MySQL Bugs: #113647: identical tables are checked in HashJoin because of no STOP_AT

Bug #113647	identical tables are checked in HashJoin because of no STOP_AT_MATERIALIZATION
Submitted:	16 Jan 2024 8:55	Modified:	7 Mar 2024 20:37
Reporter:	tianfeng li (OCA)	Email Updates:
Status:	Closed	Impact on me:	None
Category:	MySQL Server: Optimizer	Severity:	S5 (Performance)
Version:	8.0.35,8.2.0	OS:	Any
Assigned to:		CPU Architecture:	Any

Description:
In the function WalkTablesUnderAccessPath(), the policy WalkAccessPathPolicy::STOP_AT_MATERIALIZATION is used. However, there is no judgment or handling of this policy in the basic method WalkAccessPaths(). Since all specific logical controls are determined by the passed-in lambda function, if it returns true, the current path search will stop. Therefore, the lambda function needs to describe and explain the logic of STOP_AT_MATERIALIZATION.

However, both the WalkAccessPaths() function and the lambda function do not judge the STOP_AT_MATERIALIZATION policy, making this policy seem like a false concept. From the calling hierarchy, the parameter STOP_AT_MATERIALIZATION passed to the WalkAccessPaths() function should be identified and processed by this function.

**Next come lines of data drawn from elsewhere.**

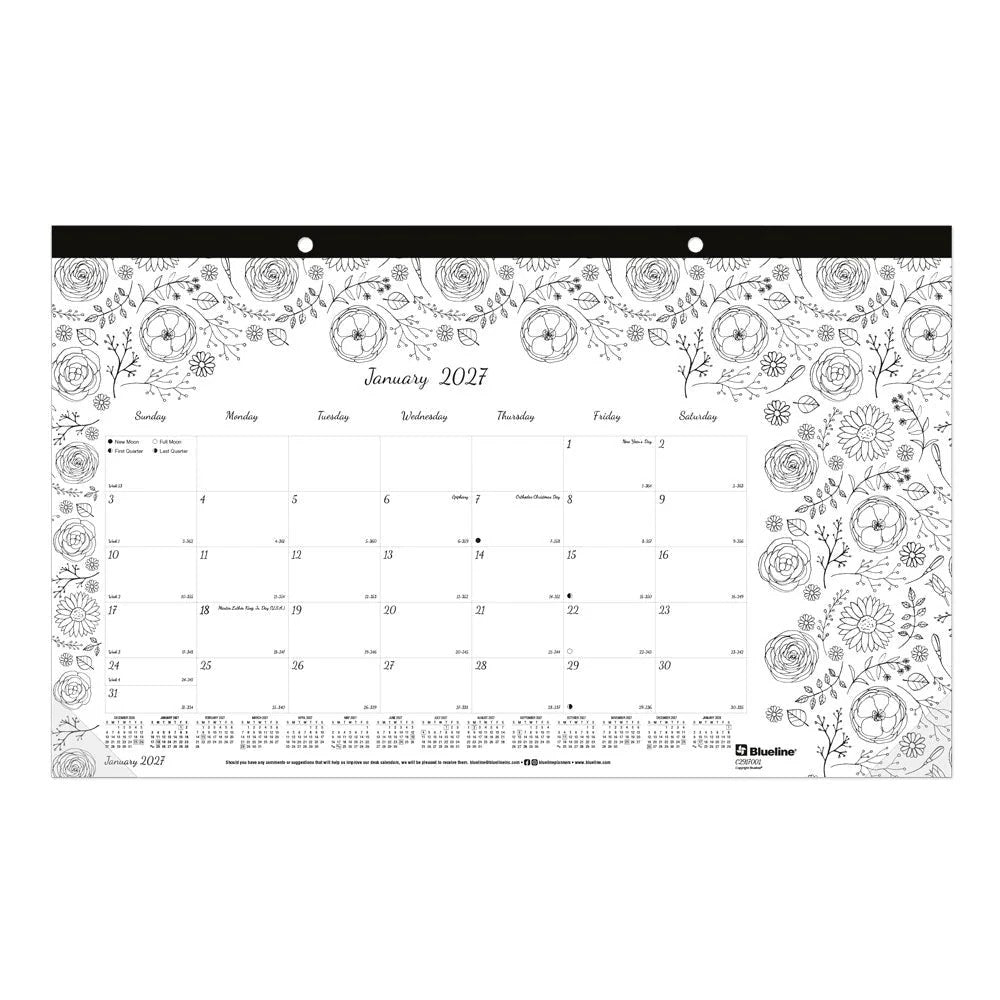 Blueline C2917001 Paper Monthly January, 10 7/8" x 17 3/4", White - Default Title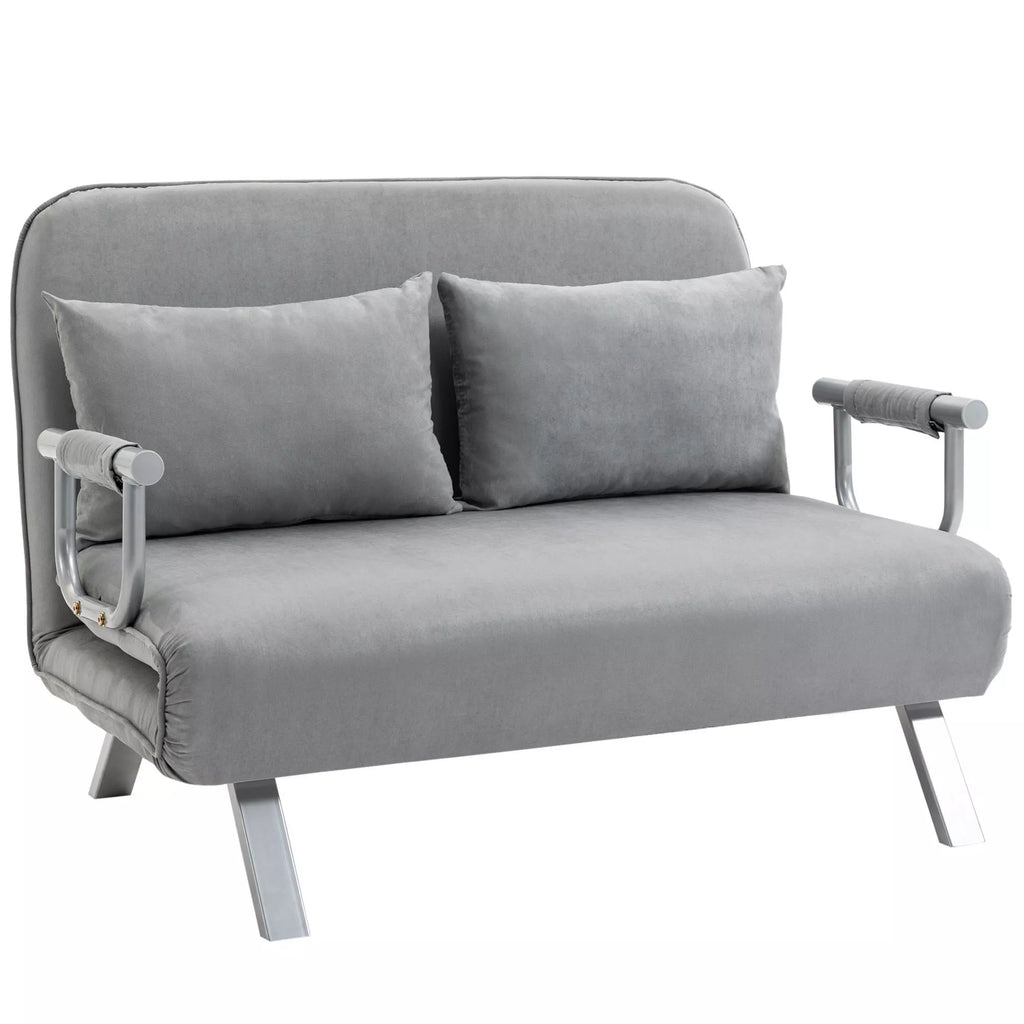 Miegamasis sofos, dvigulė sofa, svečių lova, su 2 pagalvėmis, pilkos spalvos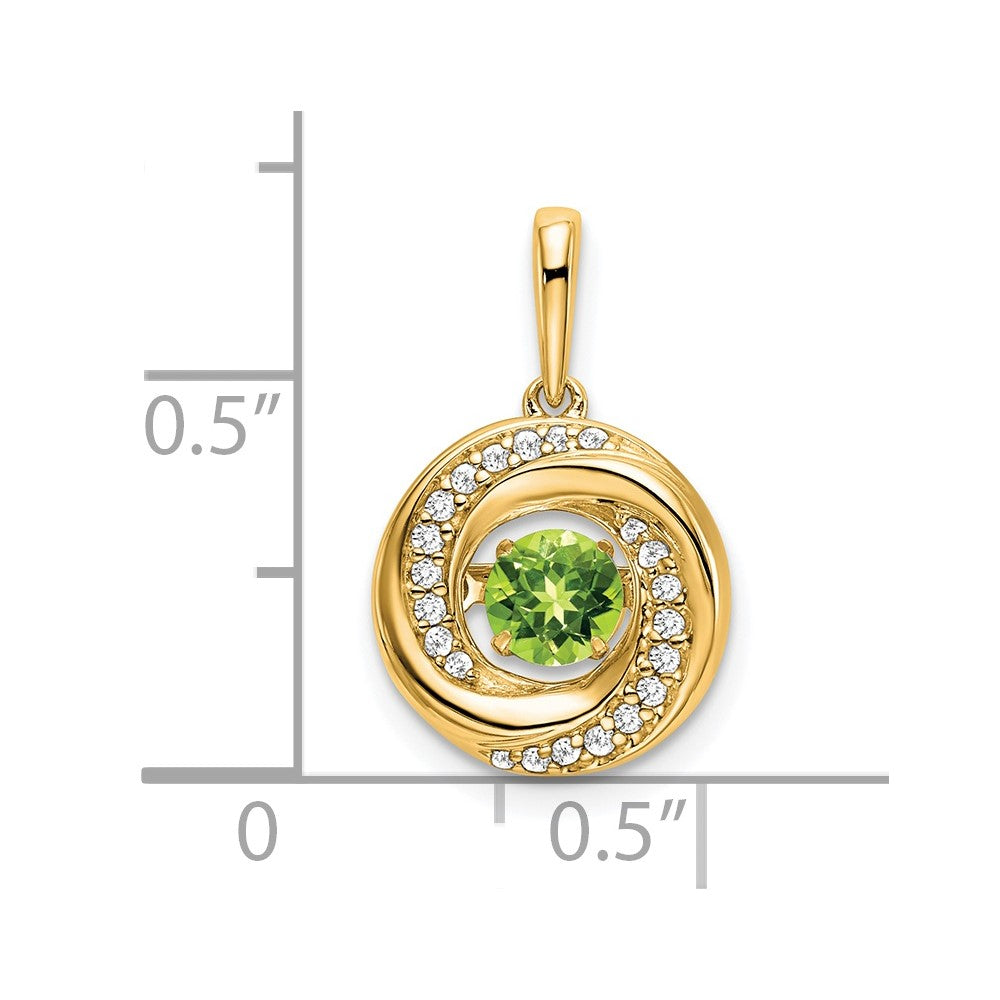 14K Yellow Gold Round Peridot and Real Diamond Pendant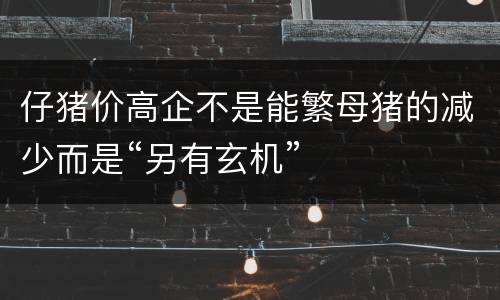 仔猪价高企不是能繁母猪的减少而是“另有玄机”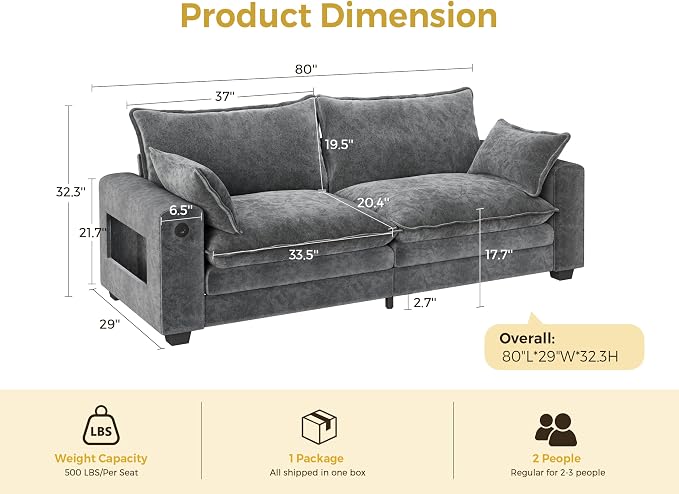 MapleGrace 80" Cloud Loveseat Sofa - Image 2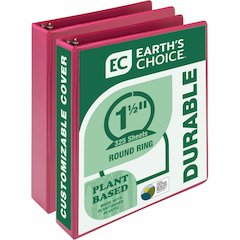 Samsill Earth's Choice Plant-based View Binders - 1 1/2" Binder Capacity - Letter - 8 1/2" x 11" Sheet Size - 3 Ring - Fastener: Round Ring - Chipboard, Polypropylene, Plastic - Berry - Recycled - Bio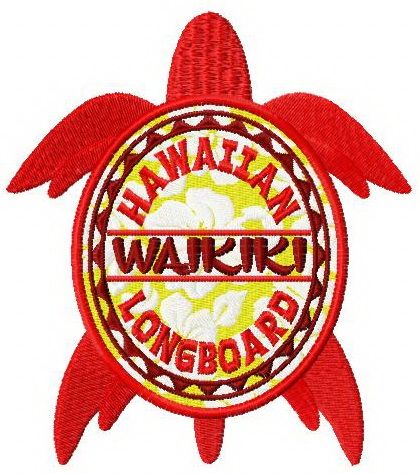 Waikiki turtle badge machine embroidery design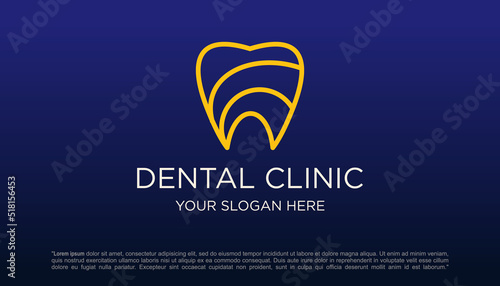 dental clinic tooth logo design vector illustration.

This confusing logic will have unexpected effects, such as GetUsedTables searching tables under the materialized table. This directly affects the build input tables and probe input tables of the hash join, and the tables under the materialized table are added to the tables. Although the repeated tables are added, it will not affect the correctness due to the influence of the table bitmap. However, it is worth mentioning that there are several places in the hash join where the table list traversal is processed, and the table objects that are repeatedly added to the list will also execute some instructions repeatedly.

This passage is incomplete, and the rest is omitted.